Some common examples are shown below.
DHCP on eth0. Create the file: /etc/network/interfaces.d/eth0
auto eth0 allow-hotplug eth0 iface eth0 inet dhcp
Static IP on eth0. Create the file /etc/network/interfaces.d/eth0
auto eth0 iface eth0 inet static address 192.0.2.7/24 gateway 192.0.2.254
These will take effect on the next boot, or by restarting the networking service:
service networking restart
Debian 10 - Installing New Software
Debian provides the apt-get system which allows management of pre-built applications. The apt tools require a network connection to the internet in order to automatically download and install new software. The update command will download a list of the current versions of pre-built packages.
apt-get update
A common example is installing Java runtime support for a system. Find the package name first with search, and then install it.
root@tsa38x:~# apt-cache search openjdk default-jdk - Standard Java or Java compatible Development Kit default-jdk-doc - Standard Java or Java compatible Development Kit (documentation) default-jdk-headless - Standard Java or Java compatible Development Kit (headless) default-jre - Standard Java or Java compatible Runtime default-jre-headless - Standard Java or Java compatible Runtime (headless) jtreg - Regression Test Harness for the OpenJDK platform libreoffice - office productivity suite (metapackage) openjdk-11-dbg - Java runtime based on OpenJDK (debugging symbols) openjdk-11-demo - Java runtime based on OpenJDK (demos and examples) openjdk-11-doc - OpenJDK Development Kit (JDK) documentation openjdk-11-jdk - OpenJDK Development Kit (JDK) openjdk-11-jdk-headless - OpenJDK Development Kit (JDK) (headless) openjdk-11-jre - OpenJDK Java runtime, using Hotspot JIT openjdk-11-jre-headless - OpenJDK Java runtime, using Hotspot JIT (headless) openjdk-11-jre-zero - Alternative JVM for OpenJDK, using Zero openjdk-11-source - OpenJDK Development Kit (JDK) source files uwsgi-app-integration-plugins - plugins for integration of uWSGI and application uwsgi-plugin-jvm-openjdk-11 - Java plugin for uWSGI (OpenJDK 11) uwsgi-plugin-jwsgi-openjdk-11 - JWSGI plugin for uWSGI (OpenJDK 11) uwsgi-plugin-ring-openjdk-11 - Closure/Ring plugin for uWSGI (OpenJDK 11) uwsgi-plugin-servlet-openjdk-11 - JWSGI plugin for uWSGI (OpenJDK 11) java-package - Utility for creating Java Debian packages
In this case, the wanted package will likely be the "openjdk-11-jre" package.
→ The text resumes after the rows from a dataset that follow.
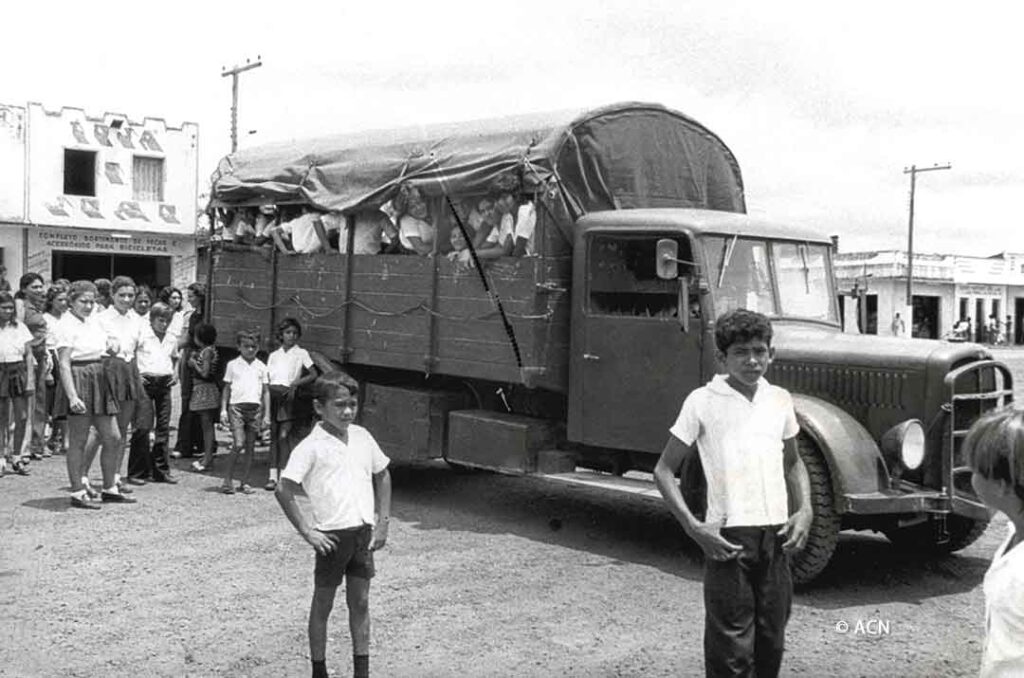 33 Lastwagen plus Werkstattausrüstung, angekommen in Belem im März 1974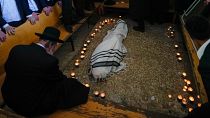 تشييع جثمان الزعيم الديني اليهودي غيرشون إيدلشتاين في إسرائيل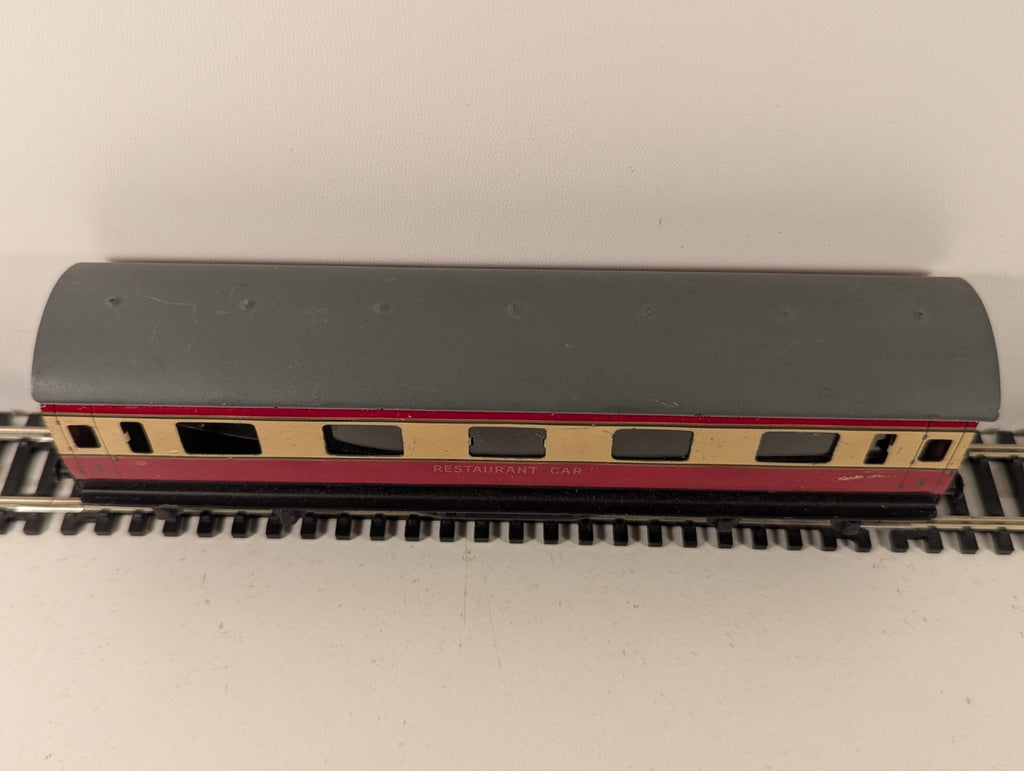Trix Twin Railway OO Gauge Restaurant Car Red & Cream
Names of packages can be found on Debian's wiki pages or the packages site.
With the package name apt-get install can be used to install the prebuilt packages.
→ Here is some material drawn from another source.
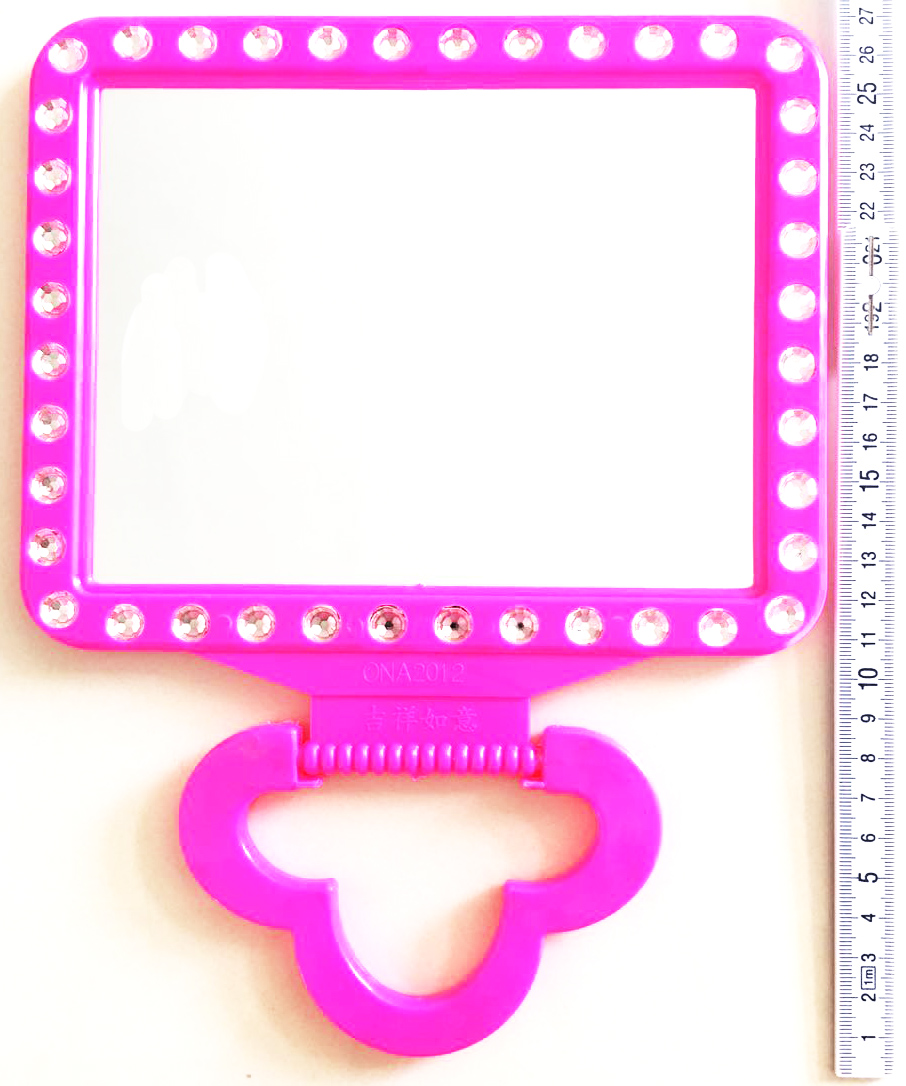 กระจกขอบเพชรเหลี่ยม 20.5x26.5 ซม.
apt-get install openjdk-11-jre
# More than one package can be installed at a time.
apt-get install openjdk-11-jre nano vim mplayer
For more information on using apt-get refer to Debian's documentation here.
Debian 10 - Setting Up SSH
Openssh is installed in our default Debian image, but by default openssh does not permit root logins, and requires a password to be set. Additionally, a host key is required if one hasn't already been created on the target board. To allow remote root login:
sed --in-place 's/#PermitRootLogin prohibit-password/PermitRootLogin yes/' /etc/ssh/sshd_config
systemctl restart ssh.service
/bin/ls /etc/ssh/ssh_host*key >/dev/null 2>&1 || ssh-keygen -A
passwd root # Set any password
If you ssh to this system it will now support ssh as root.
Debian 10 - Starting Automatically
A systemd service can be created to start up headless applications. Create a file in /etc/systemd/system/yourapp.service
[Unit]
Description=Run an application on startup
[Service]
Type=simple
ExecStart=/usr/local/bin/your_app_or_script
[Install]
WantedBy=multi-user.target
If networking is a dependency add "After=network.target" in the Unit section. Once you have this file in place add it to startup with:
# Start the app on startup, but will not start it now
systemctl enable yourapp.service
# Start the app now, but doesn't change auto startup
systemctl start yourapp.service
Note: | See the systemd documentation for in depth documentation on services. |
Debian 10 - Cross Compiling
Debian only provides their cross compiler for their distribution. Our examples will set up a chroot for Debian to use for development. If using Debian 10 Buster directly, or through a VM, the schroot commands and debootstrap can be skipped.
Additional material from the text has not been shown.